Other times, it takes much less to derail me. An annoyance with misbehaving technology or a late meal is enough to put me in a bad mood. And apparently, a bad mood is an excuse not to write. At least, in that moment it seems that way. If I look back some day and realize I didn’t achieve my goals because I couldn’t eat lunch on time and got irritated, how will I feel then?
I wanted to find some kind of magic to help me get motivated to write. (Motivation to clean the house, be more productive at work, and exercise more would also be fantastic, but one thing at a time, right?) After reading many self-help articles and a few books on dealing with procrastination, I got the answer more literally than I expected. One of my nieces gave me a “House Blessing Magic Candle.” The part of the instructions I followed most carefully was “visualize the outcome you desire.”
My dream is to publish at least eight novels, preferably in the next eight to ten years. Writing frequently and consistently will be the key to achieving that dream. As I visualized doing the work, I imagined myself enjoying the entire process of writing, not just the finished product. This candle is apparently made to burn slower than a normal candle, allowing plenty of visualizing opportunity. Day after day I lit it and let it burn, thinking “I enjoy the process” every time I looked at it or caught its scent.
It seemed to be helping. I was not transformed into a diligent writer, but I was beginning to look forward to sitting down and writing. I focused on the feeling of pleasure any time the words came easily or inspiration solved a plot issue.
The instructions say “when the candle is done, you’ll find a stone inside that will be supercharged with your intention.” I was eager to see what the stone looked like. Was it just a smooth, plain rock or a translucent crystal? However, waiting was part of the process as the candle slowly burned down, day by day. I was able to see the stone eventually, in the bottom inch of the candle. It had stripes of dark and pale gray. It was still deep in a puddle of hot wax, and I resisted the urge to scoop it out.
A day later, holding the glass candle jar with a cloth to avoid burning my hands while I swirled it around, I saw a second stone. Smaller than the first, it was a cloudy white color. Holding a hot glass jar in your hands to swirl liquid wax around in a still-burning candle is not an image of patience. I still held out at least another day or two before pulling out the stones. Now that I have the stones, I’m not doing anything with them. I don’t have a good place to display something so small although they would be a good reminder of what I’ve learned: the end product is just a tiny fraction of the whole process.

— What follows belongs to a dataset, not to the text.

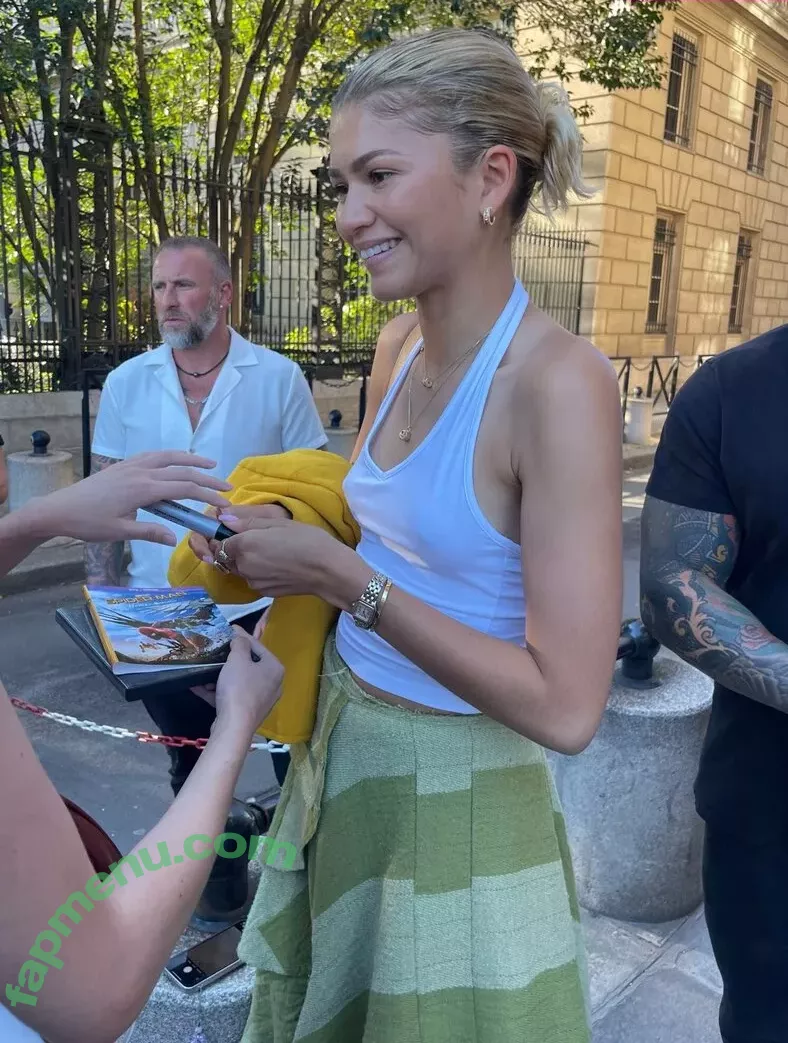 Zendaya nude photo #3110 (linda.voilet)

Maybe the candle has magic in it, or maybe it’s simply the opposite of what we put ourselves through every time we dwell on negative thoughts and fear of failure. That only builds up walls between ourselves and what we want. Instead, focus on what you want, over and over. Put your attention on the good feelings and good results that come each time you put in the work. No matter how small or slow the progress is, enjoy it.